Nun war auch ich spontan heute Morgen zur Demonstration ausgerückt, um dort als Vertreter der Partei Die PARTEI, sowie als Mensch, der in Berlin einsitzt, meinem Missmut über den Fortschritt des Endes unserer Mauer etwas Luft zu verschaffen. Ich meine, das Ding steht da. Das Ding ist ein Symbol für unsere Geschichte! Als ich heute Morgen an der ESG entlang schlenderte, begegneten mir:

250 Polizisten
50 Demonstranten
50 Presse-Eumel
und mindestens 500 Touristen!!

Scheint so, liebe Senatskapitalisten, dass ihr da mal wieder ein symbolträchtiges Stück unserer Geschichte dem Interesse des nächstbesten Baulöwen in den Rachen werft. Ein Stück unserer Geschichte, das offenkundig ein enormer Touristenmagnet ist. Will sagen, die Touristen rücken hier aus aller Herren Länder an, um sich gegenseitig vor der Mauer zu fotografieren. Dabei lassen die auch noch Geld hier! Und ich zweifle daran, dass die sich vor einem Hochhaus mit Luxuswohnungen oder der absurd hässlichen Mehrzweckhalle schräg gegenüber fotografieren lassen. Denkt ihr eigentlich, ausser über eure Bezüge, auch mal einen Moment lang nach, da im Roten Rathaus??? Mir scheint, sobald hier jemand in Arm-Aber-Sexy mit Geld wedelt, rutscht euch die verbliebene Hirngrütze umgehend in die Hose und ihr wedelt geschlossen mit den Schwänzen und sabbert. Da ist es sogar mittlerweile völlig Wurscht, wes Parteigeistes Kind ihr seid. Und wer bezahlt eigentlich den idiotisch-massiven Polizeieinsatz??? Da langweilten sich heute 250 (zweihundertfünfzig!!!) Uniformierte in ihren Wannen, liessen allesamt die Motoren laufen und kosteten eine Stange Geld.  Jede Menge Geld um fünfzig unausgeschlafene Demonstranten in Schach zu halten, die friedlicher waren als jeder Streichelzoo, gähnend und frierend dort herumlungerten und, wie ich, auch nicht so recht wussten, wie sie jetzt demonstrieren sollten.
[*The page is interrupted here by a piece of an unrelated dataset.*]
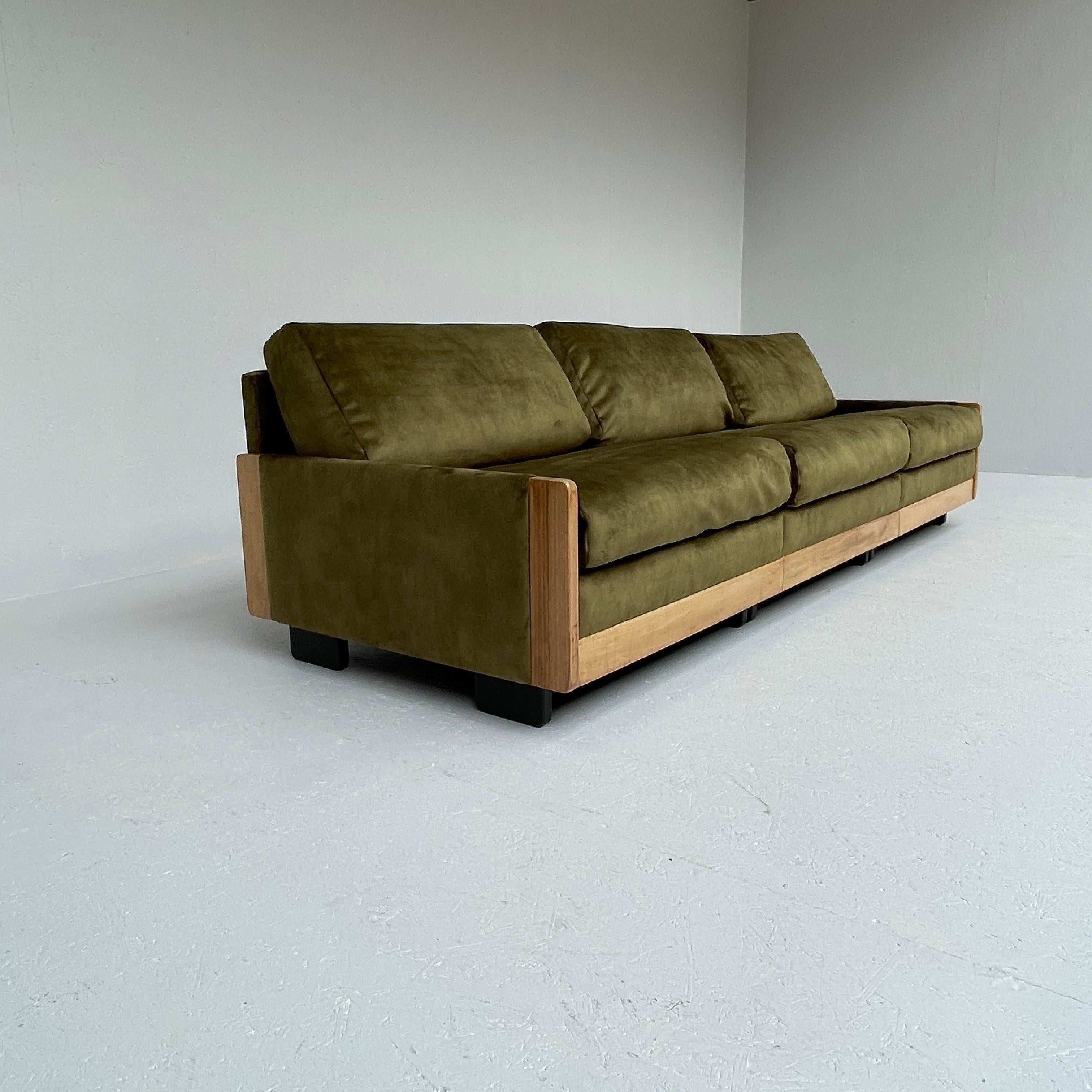 920 3 Seater Sofa by Afra & Tobia Scarpa for Cassina, 1970s In Good Condition In Antwerpen, BE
Nun sagte Investor Hinkel, dass die Mauerelemente später wieder an Ort und Stelle gestellt werden sollen. Aha! Und die Bewohner des Luxuswohnungshochhauses benutzen dann Leitern, oder was? Kann ich kaum glauben. Vermutlich wollen die viel eher auch noch einen eigenen Bootsanleger und ein Nachtfahrverbot für Touristen-, Fracht- und Privatkähne. Haben sie das erst bekommen, stellen sie eine zusammengesparte Kulturlosigkeit fest und wünschen sich ein Pendant zur hamburger Elbphilharmonie, eine Spreephilharmonie, quasi oder ähnlichen kostenintensiven Mist.
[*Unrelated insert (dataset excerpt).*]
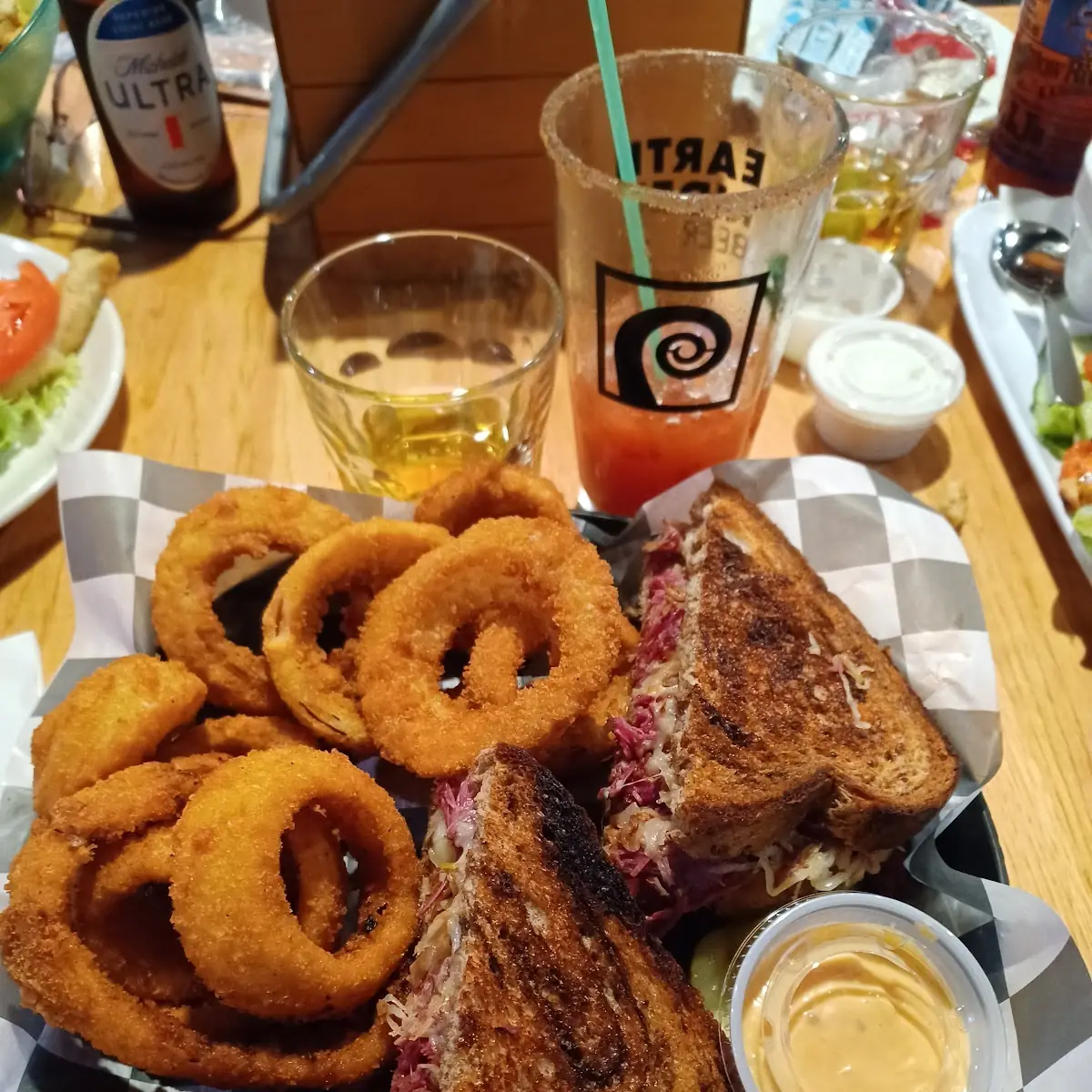 Thick Cut Gourmet Onion Ring Basket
Wo, lieber Grüßaugust Wowereit, bleibt denn dann die von ihnen so hoch gepriesene Sexyness dieser Stadt? Sie glauben doch wohl nicht ernsthaft, dass die mit den Silberlöffeln in ihren Hintern hier Sexyness verbreiten? Nö! Die wollen für ihre Kohle, die sie hier in ihre Wohnungen und sonstwas investieren Gegenleistungen. Bootsanleger und Spreephilharmonie sind da nur vorsichtige Schätzungen meinerseits.
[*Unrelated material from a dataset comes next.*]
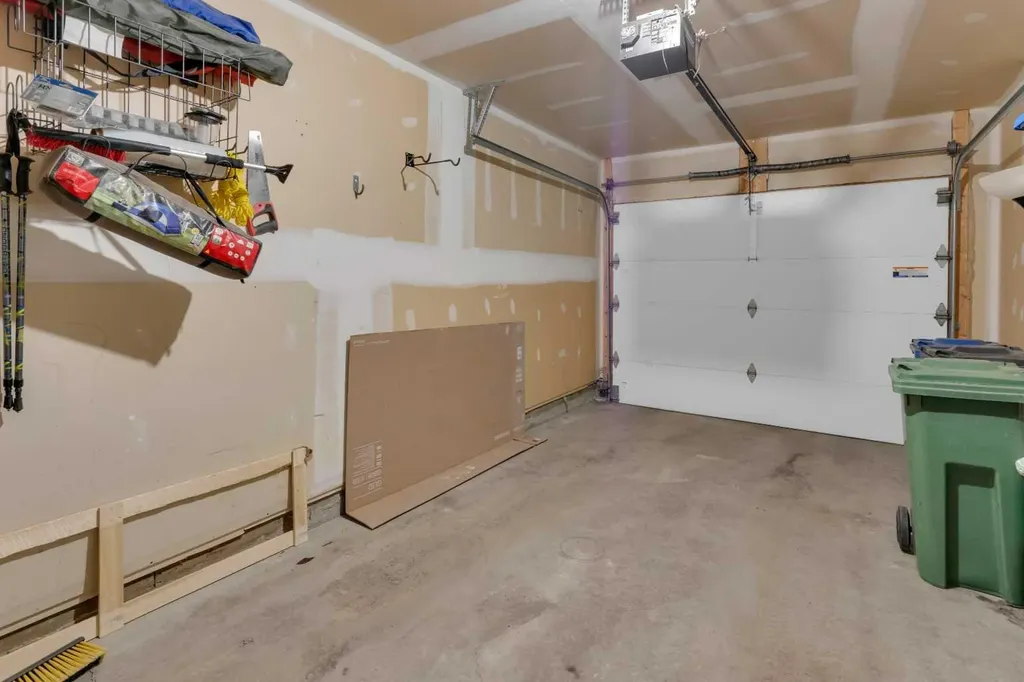 28 Heritage Drive Cochrane AB T4G 0J8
Schön ist ja auch, dass weder Senat noch BVV was von den frühmorgendlichen Mauerspechten der größeren Art gewusst haben wollen. Nun fragt sich ein jeder, der weiter als bis drei zählen kann (das sind gar nicht mal sooo viele), wer denn bitte die zweihundertfünfzig Beamten zu Unzeiten an die Mauer gejagt hat. Hat etwa Investor Hinkel bei der zuständigen Polizeidienststelle angerufen und gesagt „Hör’n se mal… ich fang da morgen mal mit dem Abbau dieses hässlichen Denkmals an. Habe gehört, dass ein paar von diesen Politrüpeln was dagegen haben könnten. Könn‘ ’se mir mal, so rein präventiv, zweihundertfuffzich von ihrer Truppe schicken?!? Geht um 5:30 Uhr los. Kaffee bitte selber mitbringen!“

Ich frage mich nun ernsthaft, wie lange uns wir hier noch verscheissern lassen und wann endlich mal eine Horde so genannter Wutbürger, mit Knüppeln und Fackeln bewaffnet, das vermaledeite Pack aus den berliner Rathäusern jagt.

P.S.: Was machen eigentlich die Mediaspreeversenker von der ehemaligen Bar 25, die ihr „Spreeufer für alle!“ hinter der „härtesten Tür der Stadt“ verschanzt hatten? Ach, ja… die bauen da jetzt selber irgendwas mit Medien.